WHAT IS BEING ASKED –
Please count how many lines below contain the word "Size" and give nothing but that figure.

── RECORDS FOR THIS TASK ──

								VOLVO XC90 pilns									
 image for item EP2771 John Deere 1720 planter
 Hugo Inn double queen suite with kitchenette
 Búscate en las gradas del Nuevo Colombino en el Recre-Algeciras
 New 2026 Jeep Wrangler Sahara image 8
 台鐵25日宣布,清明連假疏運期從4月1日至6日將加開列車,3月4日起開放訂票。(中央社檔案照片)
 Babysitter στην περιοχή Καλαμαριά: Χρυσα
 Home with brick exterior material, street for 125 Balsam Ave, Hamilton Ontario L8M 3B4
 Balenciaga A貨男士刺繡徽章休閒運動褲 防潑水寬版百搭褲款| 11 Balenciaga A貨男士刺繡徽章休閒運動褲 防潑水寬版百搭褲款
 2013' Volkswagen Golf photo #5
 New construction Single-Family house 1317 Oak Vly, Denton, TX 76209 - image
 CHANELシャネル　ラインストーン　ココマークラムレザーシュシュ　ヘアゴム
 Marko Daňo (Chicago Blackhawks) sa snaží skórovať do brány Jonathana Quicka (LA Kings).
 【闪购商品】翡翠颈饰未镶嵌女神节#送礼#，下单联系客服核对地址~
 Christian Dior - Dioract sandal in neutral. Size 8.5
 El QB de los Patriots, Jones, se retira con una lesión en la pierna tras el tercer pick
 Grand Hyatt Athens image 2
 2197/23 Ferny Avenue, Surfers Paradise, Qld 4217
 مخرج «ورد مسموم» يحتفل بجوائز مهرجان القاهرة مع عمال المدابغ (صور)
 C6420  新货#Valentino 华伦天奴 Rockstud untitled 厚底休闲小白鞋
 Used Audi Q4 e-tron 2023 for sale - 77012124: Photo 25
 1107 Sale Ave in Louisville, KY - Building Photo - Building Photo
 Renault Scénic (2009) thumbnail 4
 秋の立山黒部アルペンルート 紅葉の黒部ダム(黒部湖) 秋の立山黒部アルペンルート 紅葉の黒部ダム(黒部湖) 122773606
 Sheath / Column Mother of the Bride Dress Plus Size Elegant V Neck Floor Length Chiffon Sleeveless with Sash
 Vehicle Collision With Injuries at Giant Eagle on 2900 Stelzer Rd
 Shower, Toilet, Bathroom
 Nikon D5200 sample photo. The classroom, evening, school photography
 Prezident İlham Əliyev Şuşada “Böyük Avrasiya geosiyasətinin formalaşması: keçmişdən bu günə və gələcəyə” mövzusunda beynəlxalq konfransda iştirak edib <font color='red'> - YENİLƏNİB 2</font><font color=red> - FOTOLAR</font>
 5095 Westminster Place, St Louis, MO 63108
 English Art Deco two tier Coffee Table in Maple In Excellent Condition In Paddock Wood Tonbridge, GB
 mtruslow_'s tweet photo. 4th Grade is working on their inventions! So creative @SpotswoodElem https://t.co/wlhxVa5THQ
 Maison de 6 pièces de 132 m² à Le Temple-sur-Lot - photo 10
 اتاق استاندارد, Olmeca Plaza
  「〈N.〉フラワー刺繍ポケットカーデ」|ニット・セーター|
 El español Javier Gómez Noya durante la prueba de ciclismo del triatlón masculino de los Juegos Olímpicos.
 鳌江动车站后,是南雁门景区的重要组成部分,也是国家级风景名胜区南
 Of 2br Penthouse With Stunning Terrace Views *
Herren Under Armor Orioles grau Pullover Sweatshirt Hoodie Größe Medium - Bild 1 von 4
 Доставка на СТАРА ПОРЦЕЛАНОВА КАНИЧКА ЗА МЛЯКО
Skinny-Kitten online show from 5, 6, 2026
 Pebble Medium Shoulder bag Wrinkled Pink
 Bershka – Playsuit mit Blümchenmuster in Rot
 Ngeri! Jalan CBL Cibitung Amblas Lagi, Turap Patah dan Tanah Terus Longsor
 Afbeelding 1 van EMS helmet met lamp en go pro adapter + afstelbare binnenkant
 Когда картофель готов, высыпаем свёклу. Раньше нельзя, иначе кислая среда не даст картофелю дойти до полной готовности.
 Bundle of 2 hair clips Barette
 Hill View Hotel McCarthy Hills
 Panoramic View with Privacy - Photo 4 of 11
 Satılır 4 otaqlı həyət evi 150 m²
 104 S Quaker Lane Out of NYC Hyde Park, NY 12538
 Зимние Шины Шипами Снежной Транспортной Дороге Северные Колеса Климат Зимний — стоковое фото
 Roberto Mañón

───

ANSWER FOR THIS EXERCISE –
2